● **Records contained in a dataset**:
____

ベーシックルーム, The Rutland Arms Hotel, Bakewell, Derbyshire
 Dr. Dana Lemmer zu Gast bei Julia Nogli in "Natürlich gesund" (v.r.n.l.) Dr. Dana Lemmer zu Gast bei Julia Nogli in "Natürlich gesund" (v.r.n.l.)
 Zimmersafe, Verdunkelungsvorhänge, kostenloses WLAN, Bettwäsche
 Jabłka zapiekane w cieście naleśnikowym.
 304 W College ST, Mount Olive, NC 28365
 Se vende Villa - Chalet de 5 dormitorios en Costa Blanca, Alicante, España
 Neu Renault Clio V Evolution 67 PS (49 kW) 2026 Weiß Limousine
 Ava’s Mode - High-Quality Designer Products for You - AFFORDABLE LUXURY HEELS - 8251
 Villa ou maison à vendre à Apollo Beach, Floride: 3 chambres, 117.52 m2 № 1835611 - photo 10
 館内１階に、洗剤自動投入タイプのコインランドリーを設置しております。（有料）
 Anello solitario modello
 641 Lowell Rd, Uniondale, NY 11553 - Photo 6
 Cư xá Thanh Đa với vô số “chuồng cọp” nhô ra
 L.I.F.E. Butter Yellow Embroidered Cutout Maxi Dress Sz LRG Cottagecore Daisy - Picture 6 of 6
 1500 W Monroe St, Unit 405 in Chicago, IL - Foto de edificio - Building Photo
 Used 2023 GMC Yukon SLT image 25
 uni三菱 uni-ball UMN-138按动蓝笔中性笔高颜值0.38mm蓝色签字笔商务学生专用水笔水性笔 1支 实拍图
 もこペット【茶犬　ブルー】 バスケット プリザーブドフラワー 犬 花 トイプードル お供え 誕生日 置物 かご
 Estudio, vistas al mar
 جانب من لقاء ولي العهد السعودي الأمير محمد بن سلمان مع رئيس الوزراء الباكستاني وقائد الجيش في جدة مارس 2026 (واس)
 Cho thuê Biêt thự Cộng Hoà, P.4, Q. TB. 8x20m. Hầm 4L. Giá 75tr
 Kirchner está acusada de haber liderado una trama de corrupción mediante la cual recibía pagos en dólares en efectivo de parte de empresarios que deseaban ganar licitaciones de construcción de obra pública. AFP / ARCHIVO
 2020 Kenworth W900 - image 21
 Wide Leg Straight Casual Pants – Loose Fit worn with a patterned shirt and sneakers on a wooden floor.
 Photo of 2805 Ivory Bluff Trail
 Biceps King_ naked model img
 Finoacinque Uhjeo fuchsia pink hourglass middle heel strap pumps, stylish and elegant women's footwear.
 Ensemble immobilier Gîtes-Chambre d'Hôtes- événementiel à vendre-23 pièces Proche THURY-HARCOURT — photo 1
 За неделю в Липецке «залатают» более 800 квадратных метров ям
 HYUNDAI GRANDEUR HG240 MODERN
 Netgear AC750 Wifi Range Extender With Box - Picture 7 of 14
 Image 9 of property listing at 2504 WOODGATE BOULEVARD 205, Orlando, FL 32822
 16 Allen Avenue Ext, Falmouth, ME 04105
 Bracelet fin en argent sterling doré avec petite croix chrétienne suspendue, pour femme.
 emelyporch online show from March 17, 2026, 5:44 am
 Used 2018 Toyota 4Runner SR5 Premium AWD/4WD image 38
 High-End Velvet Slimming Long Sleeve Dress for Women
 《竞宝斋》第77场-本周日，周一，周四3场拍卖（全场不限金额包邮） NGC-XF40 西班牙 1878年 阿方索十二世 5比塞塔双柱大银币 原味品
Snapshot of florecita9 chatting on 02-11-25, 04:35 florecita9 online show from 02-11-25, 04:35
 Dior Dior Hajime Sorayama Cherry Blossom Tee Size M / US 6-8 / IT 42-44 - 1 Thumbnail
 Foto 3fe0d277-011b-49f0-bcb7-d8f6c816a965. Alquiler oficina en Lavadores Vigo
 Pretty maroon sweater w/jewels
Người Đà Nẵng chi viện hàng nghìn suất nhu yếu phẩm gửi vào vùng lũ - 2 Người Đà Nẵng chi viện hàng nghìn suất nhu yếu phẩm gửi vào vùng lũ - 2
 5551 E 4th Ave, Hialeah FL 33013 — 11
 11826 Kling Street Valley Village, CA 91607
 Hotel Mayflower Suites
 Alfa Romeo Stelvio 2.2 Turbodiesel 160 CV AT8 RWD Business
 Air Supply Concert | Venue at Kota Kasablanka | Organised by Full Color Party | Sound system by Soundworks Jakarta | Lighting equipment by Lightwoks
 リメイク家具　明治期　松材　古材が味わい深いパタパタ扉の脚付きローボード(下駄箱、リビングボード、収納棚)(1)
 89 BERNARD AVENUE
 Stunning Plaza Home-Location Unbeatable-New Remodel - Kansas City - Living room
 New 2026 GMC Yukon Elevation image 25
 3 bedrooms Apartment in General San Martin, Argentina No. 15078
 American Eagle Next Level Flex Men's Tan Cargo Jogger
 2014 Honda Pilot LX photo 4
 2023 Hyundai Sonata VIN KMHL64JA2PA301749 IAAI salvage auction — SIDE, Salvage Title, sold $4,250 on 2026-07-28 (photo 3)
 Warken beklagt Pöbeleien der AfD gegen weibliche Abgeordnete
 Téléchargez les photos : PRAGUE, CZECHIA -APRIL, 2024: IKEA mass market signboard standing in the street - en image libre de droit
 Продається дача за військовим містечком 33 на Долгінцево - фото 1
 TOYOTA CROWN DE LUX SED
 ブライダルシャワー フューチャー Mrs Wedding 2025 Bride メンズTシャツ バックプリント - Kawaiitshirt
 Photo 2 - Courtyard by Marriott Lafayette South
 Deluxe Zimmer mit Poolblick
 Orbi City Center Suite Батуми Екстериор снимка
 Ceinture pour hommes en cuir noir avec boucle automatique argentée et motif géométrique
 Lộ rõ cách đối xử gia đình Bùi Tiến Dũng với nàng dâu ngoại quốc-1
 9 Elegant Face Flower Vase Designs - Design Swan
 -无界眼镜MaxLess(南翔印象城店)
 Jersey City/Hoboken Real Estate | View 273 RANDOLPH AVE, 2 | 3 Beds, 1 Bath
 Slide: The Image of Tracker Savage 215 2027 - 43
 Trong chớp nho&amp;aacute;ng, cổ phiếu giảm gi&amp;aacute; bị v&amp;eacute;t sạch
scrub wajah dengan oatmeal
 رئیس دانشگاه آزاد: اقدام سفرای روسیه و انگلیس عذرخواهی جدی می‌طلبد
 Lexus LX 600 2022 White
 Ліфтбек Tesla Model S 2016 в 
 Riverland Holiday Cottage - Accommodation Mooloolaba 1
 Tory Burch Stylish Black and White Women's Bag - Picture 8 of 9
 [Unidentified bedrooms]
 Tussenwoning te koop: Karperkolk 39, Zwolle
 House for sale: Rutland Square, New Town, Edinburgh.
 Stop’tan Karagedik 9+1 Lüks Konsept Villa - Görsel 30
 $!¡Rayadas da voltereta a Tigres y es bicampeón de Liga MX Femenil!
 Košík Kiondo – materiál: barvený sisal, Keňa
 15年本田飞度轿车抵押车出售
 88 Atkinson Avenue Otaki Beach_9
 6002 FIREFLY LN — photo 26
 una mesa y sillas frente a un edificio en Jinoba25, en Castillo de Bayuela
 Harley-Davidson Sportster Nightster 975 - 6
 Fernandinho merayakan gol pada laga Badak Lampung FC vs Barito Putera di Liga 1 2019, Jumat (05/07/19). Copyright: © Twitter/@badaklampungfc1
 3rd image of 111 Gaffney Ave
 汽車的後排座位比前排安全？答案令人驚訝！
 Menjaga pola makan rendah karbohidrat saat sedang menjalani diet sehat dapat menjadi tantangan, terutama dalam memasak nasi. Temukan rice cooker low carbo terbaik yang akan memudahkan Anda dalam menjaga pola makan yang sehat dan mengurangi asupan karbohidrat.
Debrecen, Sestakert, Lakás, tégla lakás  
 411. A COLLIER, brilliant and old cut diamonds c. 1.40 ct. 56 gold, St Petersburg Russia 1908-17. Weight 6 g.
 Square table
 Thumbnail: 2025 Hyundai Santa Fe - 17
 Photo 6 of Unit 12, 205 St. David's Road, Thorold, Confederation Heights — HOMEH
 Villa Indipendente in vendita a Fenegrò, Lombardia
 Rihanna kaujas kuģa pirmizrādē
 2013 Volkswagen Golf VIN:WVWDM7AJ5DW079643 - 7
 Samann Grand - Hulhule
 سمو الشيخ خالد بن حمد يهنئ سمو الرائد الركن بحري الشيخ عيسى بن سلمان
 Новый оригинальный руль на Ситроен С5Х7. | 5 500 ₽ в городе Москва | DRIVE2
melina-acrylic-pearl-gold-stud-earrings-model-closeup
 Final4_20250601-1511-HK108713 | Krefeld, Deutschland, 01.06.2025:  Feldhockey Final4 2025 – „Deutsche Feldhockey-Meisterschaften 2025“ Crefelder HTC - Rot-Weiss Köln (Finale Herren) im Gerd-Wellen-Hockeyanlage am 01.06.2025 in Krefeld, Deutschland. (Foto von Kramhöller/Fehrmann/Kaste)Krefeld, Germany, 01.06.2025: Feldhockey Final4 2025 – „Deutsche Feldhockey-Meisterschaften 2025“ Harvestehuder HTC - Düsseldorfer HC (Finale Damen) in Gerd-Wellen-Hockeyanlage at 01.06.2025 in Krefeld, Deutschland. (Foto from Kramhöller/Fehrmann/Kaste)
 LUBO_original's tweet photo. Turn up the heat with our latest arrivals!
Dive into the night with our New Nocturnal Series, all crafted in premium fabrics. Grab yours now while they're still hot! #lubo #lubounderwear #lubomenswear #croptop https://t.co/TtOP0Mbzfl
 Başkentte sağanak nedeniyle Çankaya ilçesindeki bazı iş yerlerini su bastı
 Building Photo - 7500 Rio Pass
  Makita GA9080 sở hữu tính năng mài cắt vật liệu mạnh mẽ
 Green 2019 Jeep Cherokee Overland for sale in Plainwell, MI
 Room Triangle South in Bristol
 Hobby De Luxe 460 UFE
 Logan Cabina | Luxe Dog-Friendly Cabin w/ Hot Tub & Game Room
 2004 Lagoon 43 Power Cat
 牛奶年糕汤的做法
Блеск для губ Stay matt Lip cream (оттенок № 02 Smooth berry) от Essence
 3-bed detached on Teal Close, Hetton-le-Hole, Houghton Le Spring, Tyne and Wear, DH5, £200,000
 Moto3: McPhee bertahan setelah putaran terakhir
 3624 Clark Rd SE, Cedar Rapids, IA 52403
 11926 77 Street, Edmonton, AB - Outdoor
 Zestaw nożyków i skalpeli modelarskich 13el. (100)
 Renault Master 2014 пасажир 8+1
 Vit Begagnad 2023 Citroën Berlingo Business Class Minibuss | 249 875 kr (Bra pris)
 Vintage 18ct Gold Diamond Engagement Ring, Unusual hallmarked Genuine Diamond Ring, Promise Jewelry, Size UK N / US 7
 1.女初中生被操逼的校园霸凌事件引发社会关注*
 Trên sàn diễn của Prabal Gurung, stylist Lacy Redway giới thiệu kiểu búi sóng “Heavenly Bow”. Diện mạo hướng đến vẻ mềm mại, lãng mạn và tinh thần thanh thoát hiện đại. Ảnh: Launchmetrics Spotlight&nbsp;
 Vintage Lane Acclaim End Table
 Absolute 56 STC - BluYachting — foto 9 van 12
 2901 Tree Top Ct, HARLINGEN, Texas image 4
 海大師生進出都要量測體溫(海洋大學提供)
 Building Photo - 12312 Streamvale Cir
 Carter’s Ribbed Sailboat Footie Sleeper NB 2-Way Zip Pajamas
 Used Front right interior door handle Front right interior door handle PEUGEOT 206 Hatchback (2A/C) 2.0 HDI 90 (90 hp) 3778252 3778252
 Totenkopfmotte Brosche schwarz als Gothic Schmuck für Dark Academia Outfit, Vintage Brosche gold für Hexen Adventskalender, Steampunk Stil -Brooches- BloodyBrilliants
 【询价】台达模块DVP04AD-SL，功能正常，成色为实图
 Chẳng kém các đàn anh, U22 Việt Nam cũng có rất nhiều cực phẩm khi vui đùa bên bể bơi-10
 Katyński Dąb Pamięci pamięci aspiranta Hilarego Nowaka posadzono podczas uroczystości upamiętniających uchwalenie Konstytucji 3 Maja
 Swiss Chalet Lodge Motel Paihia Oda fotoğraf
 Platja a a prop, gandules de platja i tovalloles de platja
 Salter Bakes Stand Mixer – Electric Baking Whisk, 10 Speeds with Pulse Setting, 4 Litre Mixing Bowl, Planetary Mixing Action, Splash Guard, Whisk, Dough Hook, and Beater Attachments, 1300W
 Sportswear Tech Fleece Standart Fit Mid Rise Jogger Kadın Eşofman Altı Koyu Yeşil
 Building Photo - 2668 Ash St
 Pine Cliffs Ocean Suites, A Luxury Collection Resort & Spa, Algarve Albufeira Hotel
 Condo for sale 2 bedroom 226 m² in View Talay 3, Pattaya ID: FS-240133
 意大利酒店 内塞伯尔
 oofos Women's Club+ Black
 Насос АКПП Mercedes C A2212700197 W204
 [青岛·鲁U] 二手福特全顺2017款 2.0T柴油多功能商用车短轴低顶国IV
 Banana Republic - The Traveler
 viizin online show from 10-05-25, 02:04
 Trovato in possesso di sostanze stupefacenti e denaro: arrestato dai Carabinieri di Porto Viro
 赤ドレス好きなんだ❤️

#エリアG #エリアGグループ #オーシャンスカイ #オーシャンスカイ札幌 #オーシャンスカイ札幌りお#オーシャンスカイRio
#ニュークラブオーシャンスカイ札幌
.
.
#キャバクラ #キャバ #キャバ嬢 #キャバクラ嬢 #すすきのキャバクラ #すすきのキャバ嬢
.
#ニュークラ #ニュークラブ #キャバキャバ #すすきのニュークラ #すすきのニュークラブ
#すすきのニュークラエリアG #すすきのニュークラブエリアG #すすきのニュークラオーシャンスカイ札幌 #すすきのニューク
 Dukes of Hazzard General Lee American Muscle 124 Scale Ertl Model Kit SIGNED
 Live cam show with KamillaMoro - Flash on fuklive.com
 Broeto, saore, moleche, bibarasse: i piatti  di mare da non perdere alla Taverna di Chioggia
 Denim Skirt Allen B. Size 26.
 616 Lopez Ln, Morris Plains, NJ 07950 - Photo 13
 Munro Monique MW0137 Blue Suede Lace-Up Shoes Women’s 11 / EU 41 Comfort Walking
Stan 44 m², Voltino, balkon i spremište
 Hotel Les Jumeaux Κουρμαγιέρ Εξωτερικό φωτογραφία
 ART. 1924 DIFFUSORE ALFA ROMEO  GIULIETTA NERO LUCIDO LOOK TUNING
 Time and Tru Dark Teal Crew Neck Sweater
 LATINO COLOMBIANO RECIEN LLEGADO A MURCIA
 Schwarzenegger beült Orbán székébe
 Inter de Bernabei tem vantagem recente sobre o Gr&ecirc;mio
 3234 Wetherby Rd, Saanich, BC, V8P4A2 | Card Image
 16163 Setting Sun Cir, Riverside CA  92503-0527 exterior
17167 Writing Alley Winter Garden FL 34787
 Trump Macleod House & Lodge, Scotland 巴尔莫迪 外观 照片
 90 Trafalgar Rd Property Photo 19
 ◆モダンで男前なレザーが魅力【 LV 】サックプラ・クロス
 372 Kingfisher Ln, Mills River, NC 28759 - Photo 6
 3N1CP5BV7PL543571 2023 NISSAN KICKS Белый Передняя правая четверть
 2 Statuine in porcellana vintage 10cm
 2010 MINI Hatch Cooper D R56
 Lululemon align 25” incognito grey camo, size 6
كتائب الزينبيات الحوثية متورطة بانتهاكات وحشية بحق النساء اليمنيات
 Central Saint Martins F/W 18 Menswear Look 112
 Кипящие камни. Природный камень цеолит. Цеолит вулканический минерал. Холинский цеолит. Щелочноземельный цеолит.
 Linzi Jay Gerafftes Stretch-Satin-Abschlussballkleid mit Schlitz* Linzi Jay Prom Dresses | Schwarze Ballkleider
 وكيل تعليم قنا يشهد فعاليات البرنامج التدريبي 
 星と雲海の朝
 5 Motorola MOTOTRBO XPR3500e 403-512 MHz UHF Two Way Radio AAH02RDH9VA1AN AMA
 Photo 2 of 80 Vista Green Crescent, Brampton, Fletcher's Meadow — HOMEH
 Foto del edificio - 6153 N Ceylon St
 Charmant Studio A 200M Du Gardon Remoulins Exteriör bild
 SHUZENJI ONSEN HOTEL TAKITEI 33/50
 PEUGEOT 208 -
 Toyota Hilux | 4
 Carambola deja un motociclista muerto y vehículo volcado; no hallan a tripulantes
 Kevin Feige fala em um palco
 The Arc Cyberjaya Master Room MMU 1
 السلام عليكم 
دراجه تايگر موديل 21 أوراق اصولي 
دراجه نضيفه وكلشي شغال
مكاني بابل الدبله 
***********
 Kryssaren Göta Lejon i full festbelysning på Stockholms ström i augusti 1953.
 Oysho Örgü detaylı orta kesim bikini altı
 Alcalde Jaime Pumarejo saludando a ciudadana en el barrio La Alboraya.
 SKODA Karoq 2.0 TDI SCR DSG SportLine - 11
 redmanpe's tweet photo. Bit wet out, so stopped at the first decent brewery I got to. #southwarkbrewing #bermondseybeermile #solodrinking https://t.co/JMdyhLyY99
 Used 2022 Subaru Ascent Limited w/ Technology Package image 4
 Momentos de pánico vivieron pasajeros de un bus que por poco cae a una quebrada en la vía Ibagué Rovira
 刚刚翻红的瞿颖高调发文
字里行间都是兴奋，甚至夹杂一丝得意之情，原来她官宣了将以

____

● **Directions for this task**:
Starting at the first line of the records above, please copy every line exactly through the line containing "304 W College ST, Mount Olive, NC 28365", and stop there.

● **Output for this task**:
ベーシックルーム, The Rutland Arms Hotel, Bakewell, Derbyshire
 Dr. Dana Lemmer zu Gast bei Julia Nogli in "Natürlich gesund" (v.r.n.l.) Dr. Dana Lemmer zu Gast bei Julia Nogli in "Natürlich gesund" (v.r.n.l.)
 Zimmersafe, Verdunkelungsvorhänge, kostenloses WLAN, Bettwäsche
 Jabłka zapiekane w cieście naleśnikowym.
 304 W College ST, Mount Olive, NC 28365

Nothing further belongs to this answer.